#### EXERCISE:
Once the pictures are set aside, copy the records below exactly as they stand.

[Image-text web data]
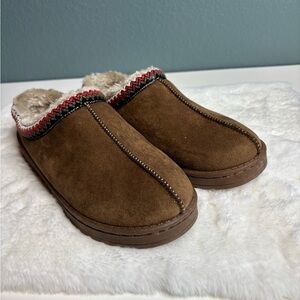 White Mountain Icebin Faux Fur Slipper Clog Dark Chocolate Size 9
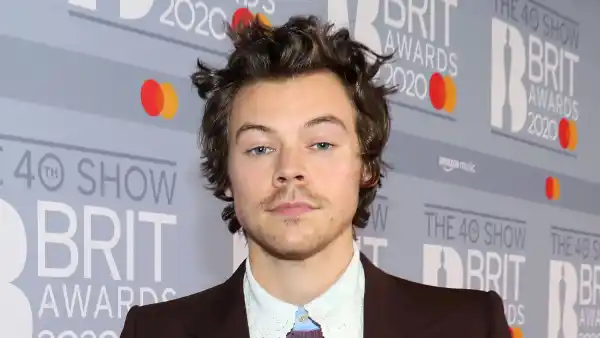 Photos of Harry Styles Dressed as ‘The Little Mermaid’ Send Twitter Crazy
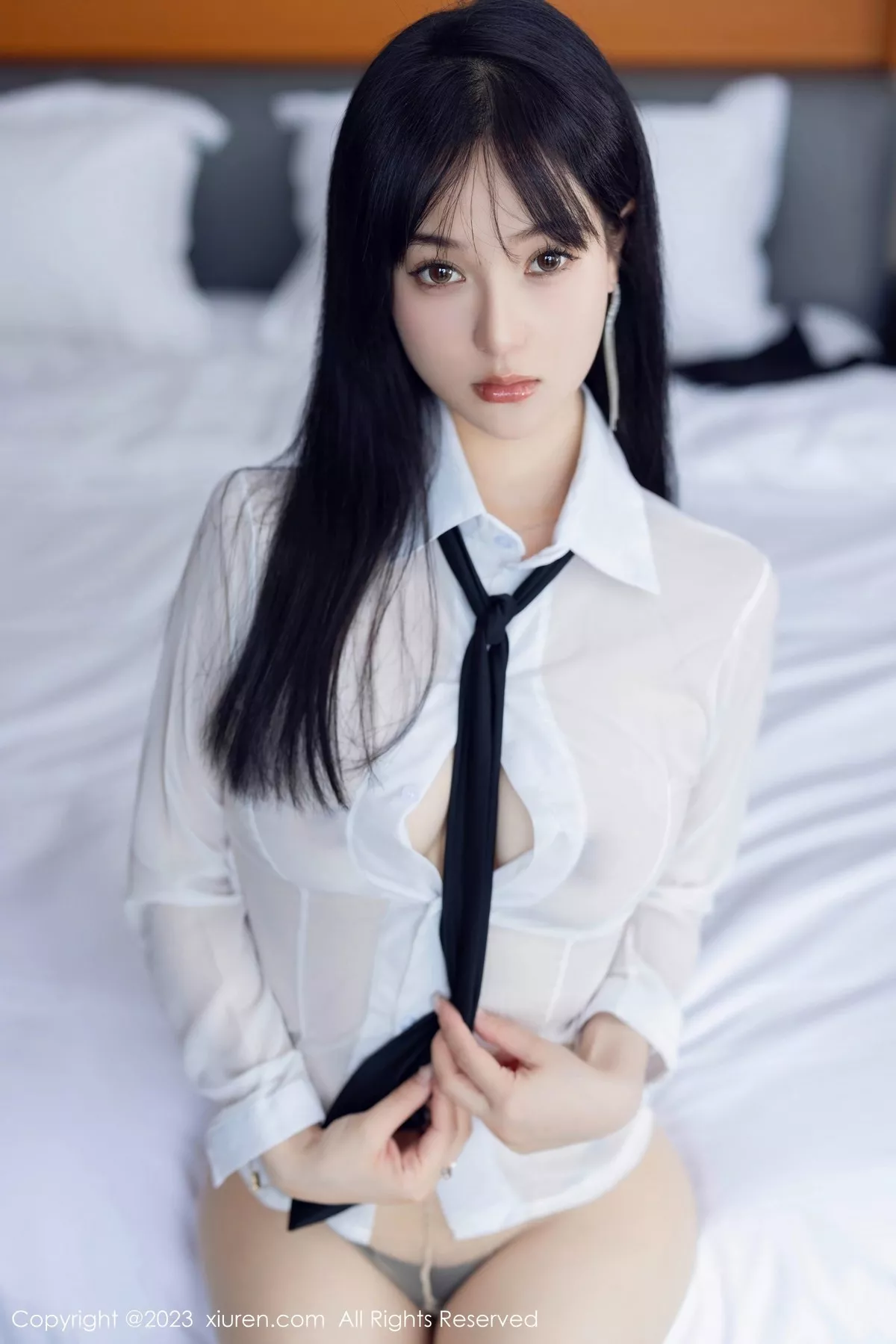 秀人集.com_[XiuRen秀人网]No.6710_新人模特柚琪Rich性感白色轻透衣配黑短裙秀曼妙身姿诱惑写真74P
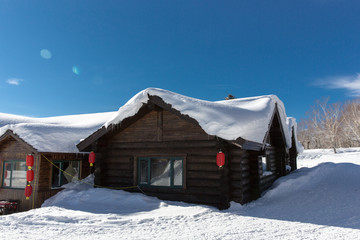 吉林长白山房屋冬季冰雪风光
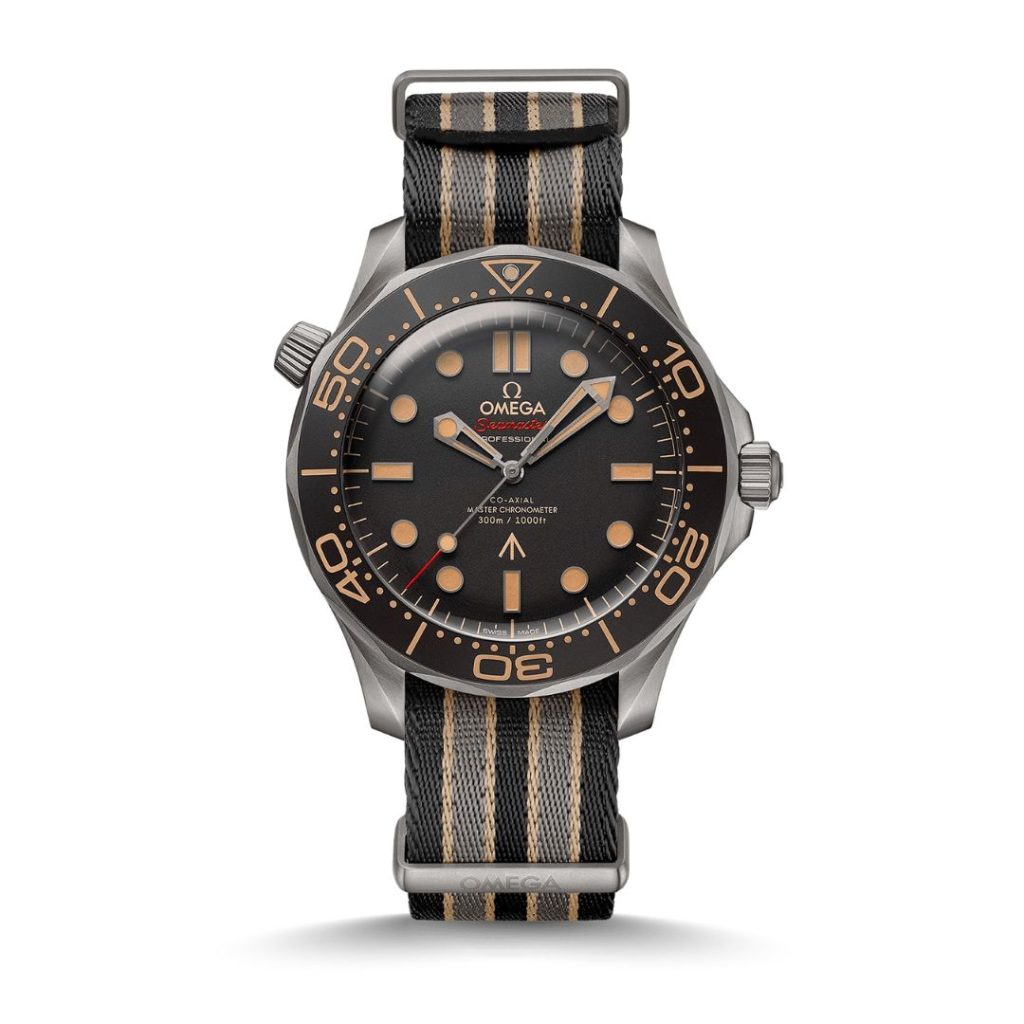 OMEGA Seamaster Diver 300M 42 James Bond Titan Referenz 210.92.42.20.01.001 mit schwarzem Zifferblatt am NATO-Band stehend vor weißem Hintergrund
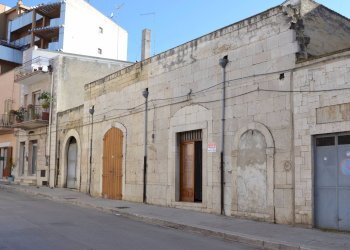 Foto 1 - Casa indipendente via Piave, Canosa di Puglia - foto 1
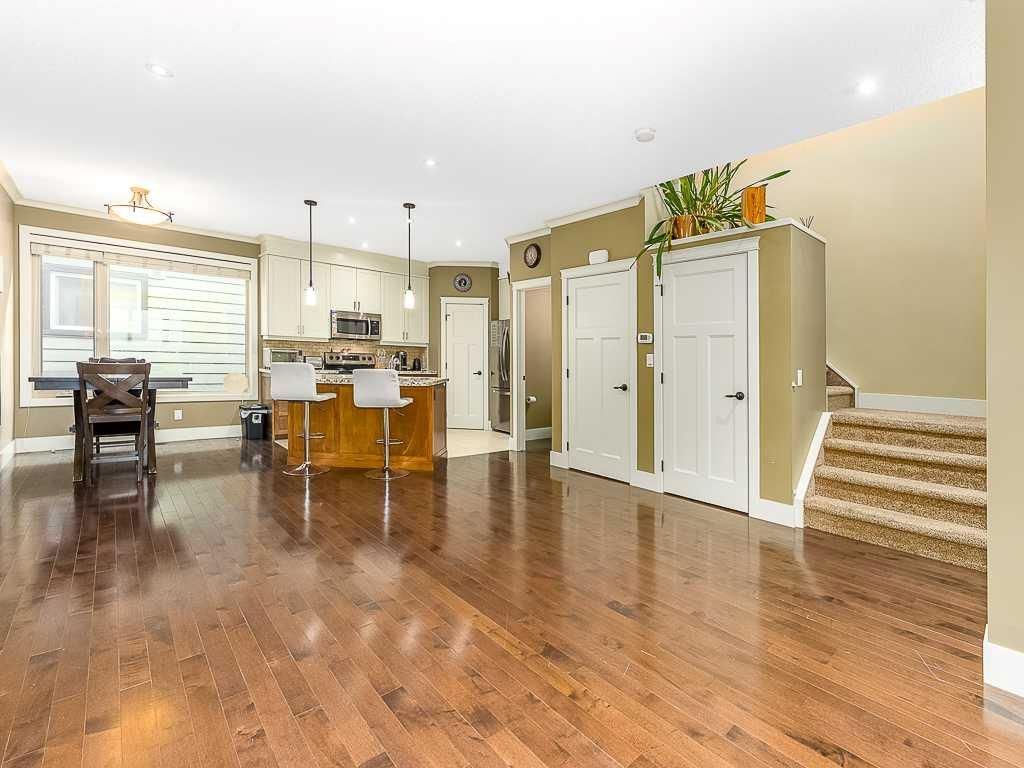 2, 126 27 Avenue NW, Calgary — photo 4 of 27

#### RESPONSE TO THE TASK:
 White Mountain Icebin Faux Fur Slipper Clog Dark Chocolate Size 9
 Photos of Harry Styles Dressed as ‘The Little Mermaid’ Send Twitter Crazy
 秀人集.com_[XiuRen秀人网]No.6710_新人模特柚琪Rich性感白色轻透衣配黑短裙秀曼妙身姿诱惑写真74P
 吉林长白山房屋冬季冰雪风光
 OMEGA Seamaster Diver 300M 42 James Bond Titan Referenz 210.92.42.20.01.001 mit schwarzem Zifferblatt am NATO-Band stehend vor weißem Hintergrund
 Foto 1 - Casa indipendente via Piave, Canosa di Puglia - foto 1
 2, 126 27 Avenue NW, Calgary — photo 4 of 27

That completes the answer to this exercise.